To date, very little work has been done on characterizing environmental and ambient sounds. Most prior art acoustic signal representation methods have focused on human speech and music. However, there are no good representation methods for many sound effects heard in films, television, video games, and virtual environments, such footsteps, traffic, doors slamming, laser guns, hammering, smashing, thunder claps, leaves rustling, water spilling, etc. These environmental acoustic signals are generally much harder to characterize than speech and music because they often comprise multiple noisy and textured components, as well as higher-order structural components such as iterations and scattering.
One particular application that could use such a representation scheme is video processing. Methods are available for extracting, compressing, searching, and classifying video objects, see for example the various MPEG standards. No such methods exist for "audio" objects, other than when the audio objects are speech.
For example, it maybe desired to search through a video library to locate all video segments where John Wayne is galloping on a horse while firing his six-shooter. Certainly it is possible to visually identify John Wayne or a horse. But it much more difficult to pick out the rhythmic clippidy-clop of a galloping horse, and the staccato percussions of a revolver. Recognition of audio events can delineate action in video.
Another application that could use the representation is sound synthesis. It is not until the features of a sound are identified before it becomes possible to synthetically generate a sound, other than be trail and error.

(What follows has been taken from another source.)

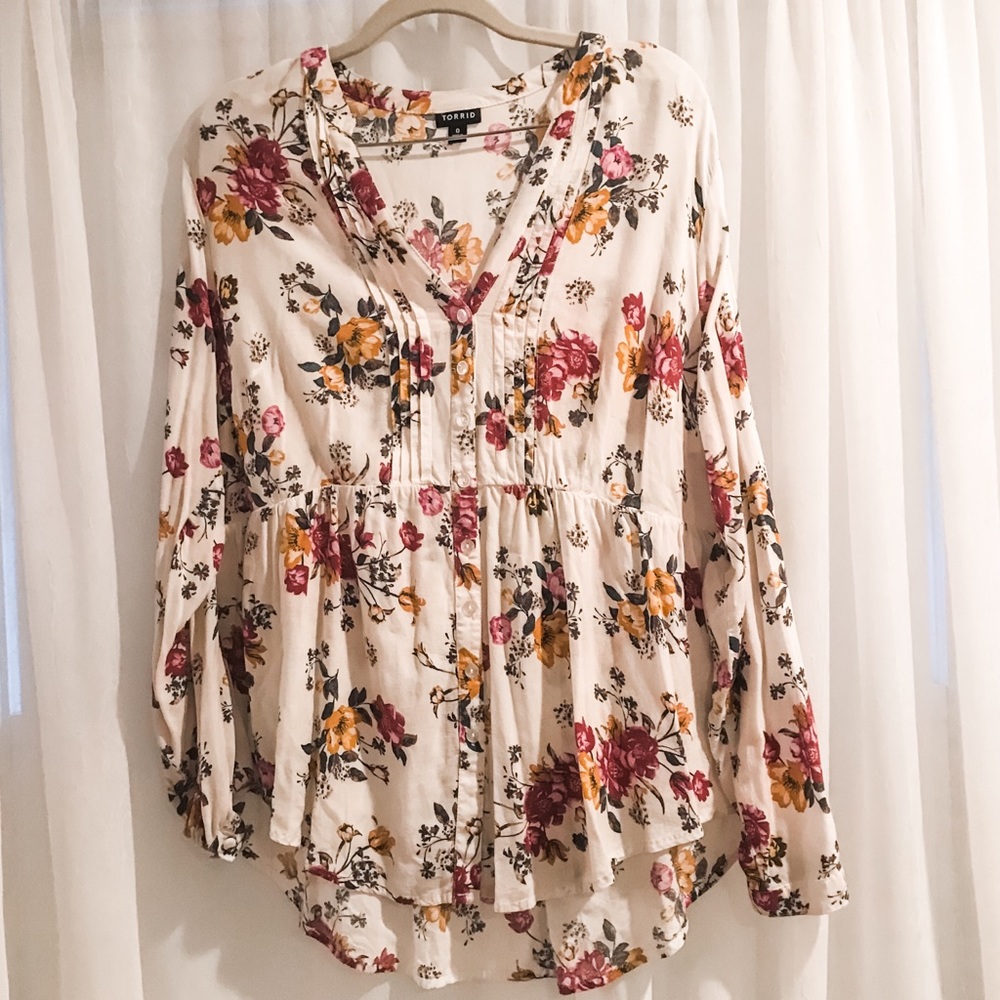 Torrid White Floral Button Up Long Sleeve Blouse 0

In the prior art, representations for non-speech sounds have usually focused on particular classes of non-speech sound, for example, simulating and identifying specific musical instruments, distinguishing submarine sounds from ambient sea sounds and recognition of underwater mammals by their utterances. Each of these applications requires a particular arrangement of acoustic features that do not generalize beyond the specific application.

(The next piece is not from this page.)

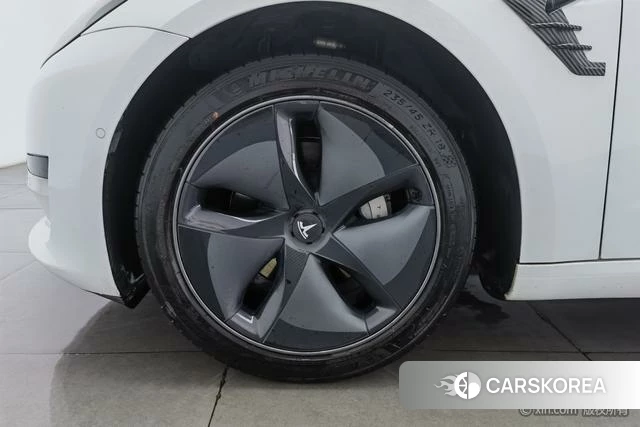 Tesla Model 3 (imported) id 4236120 из Китая 8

In addition to these specific applications, other work has focused on developing generalized acoustic scene analysis representations. This research has become known as Computational Auditory Scene Analysis. These systems require a lot of computational effort due to their algorithmic complexity. Typically, they use heuristic schemes from Artificial Intelligence as well as various inference schemes. Whilst such systems provide valuable insight into the difficult problem of acoustic representations, the performance of such systems has never been demonstrated to be satisfactory with respect to classification and synthesis of acoustic signals in a mixture.
Therefore, there is a need for a robust and reliable representation that can deal with a broad class of signal mixtures.